Though this was my fifth or sixth time to see Ani DiFranco in concert, it moved me as much as if it were the first time: her fast and fierce guitar stylings, her audience engagement, her heart-felt expressions while performing, her amazing toned and tiny physique, and her articulate and moving lyrics. During her first couple of songs, when her guitar-shredding energy and happy glow lit up the venue, I was literally moved to tears by my own joy at being immersed in such musical beauty.

And to top it all off, another musician whom I admire greatly performed before Ani: Pieta Brown. (To see an interview with Pieta from our Love and Black History Month issue, click The Soul of Pieta Brown.) Pieta sang and played acoustic guitar alongside her friend, Bo Ramsey, who played the electric guitar leads. The two were raw and passionate, slow and heady. Though she has three albums to speak of, her performance was focused on the music only and she never once self-promoted. When Ani later in the night acknowledged her own birthday, she said that her best gift was getting to see Pieta and Bo perform, and that it made her cry “tears of relief to hear their music.”

And hearing Ani brought to my eyes tears of relief as well.

            Though Ani played a variety of songs from former records, I was happy to hear several from one of my favorite of her albums, Little Plastic Castle (such as “Little Plastic Castle,” “As Is,” and “Swandive.”) And though most audiences, myself included, often get bored hearing new songs for the first time at shows, Ani performed several from her new album Red Letter Year (which debuted the day after the concert) and we ate them up.
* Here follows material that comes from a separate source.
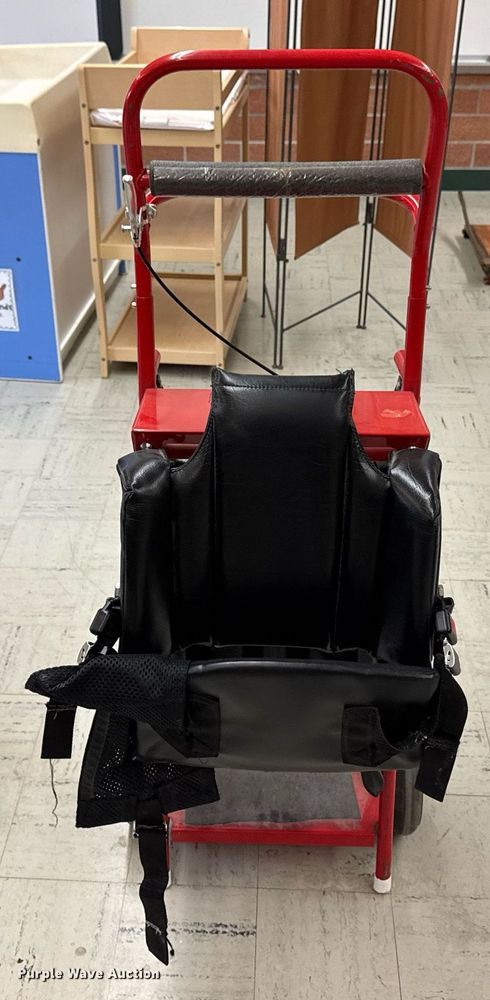 image for item EM3932 Lifting equipment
But perhaps that’s because Ani is twice as good live as she is recorded, and her enunciation of lyrics combined with her emotion and musical skill and prowess make almost anything she performs interesting. Many of her new songs are influenced by her recent beginnings at motherhood, and she introduced one of the new songs, Landing Gear, by saying “This is a song actually set in labor and I want to send it out to all the moms” (“For someone who aint even here yet, look how much the world loves you…your piñata is torn, it’s time to be born…you’re gonna love this world if it’s the last thing I do….”).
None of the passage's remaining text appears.